SH: Another key coaching point is: understand the times. This separates a lot of the businesses, and organizations and leaders. I learned something from Tom Landry a long time ago, coach of the [Dallas] Cowboys.  And he said this:

"How you handle the adversity and situations is more important than the adversity itself."

And that's very true. Being innovative and being able to handle the thing. The leaders that can handle the change best will not only survive, they'll thrive.

Dr. K: Yeah, exactly. We have all these challenges. Everybody faces challenges. It's not hanging your energy onto the challenge, but  always hanging your energy onto the solution.

SH: Precisely.

Dr. K: How can we correct this and how do we move forward.

SH: Another key thing is having a great plan and a system that you can follow and that's there day after day after day.
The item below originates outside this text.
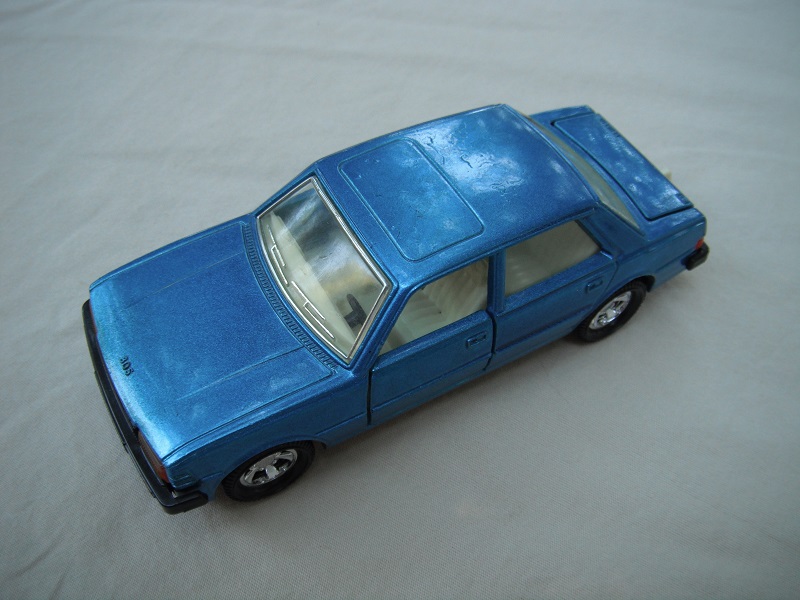 2. Blue body/blk England base/clear windows w/chrome outline/cream interior/small black steering wheel/red tail lights.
I use Coach Peterson as a great example. That's a system that's been built up over the years. And that's really important, because people know what to expect, they know their role, and there's a system in place.

Dr. K: You can see that obviously with what he did to our team here, BSU. And now is in Washington. Your former stomping grounds.

SH: Oh yeah. Don James was my mentor and taught us this, and we had a system that really was comprised of three things: sound fundamentals, attention to detail, and hard work. And that's the good old-fashioned way that still is effective today. There's no shortcuts.

Dr. K: That's the thing, people always try to find the new shortcut, so to say How can we get away from doing the hard work. How can we get away from these basic principles you're talking about. And make it the easy way. And there never is.

SH: There never is. And the foundation of all this is really still all about integrity. It's still got to be built on integrity. The cornerstone is still integrity; and doing the right things, and doing it the right way. That still is going to last for the test of time.

And when people sense that a leader has that capacity to care, is "coaching 'em up", and I like to say they have a "heart like a magnet", they attract people, and and a "head like a compass", they know where they're going. Those are the kind of people that are going to be achieving excellence.

Dr. K: Exactly. Those are the ones that move you forward.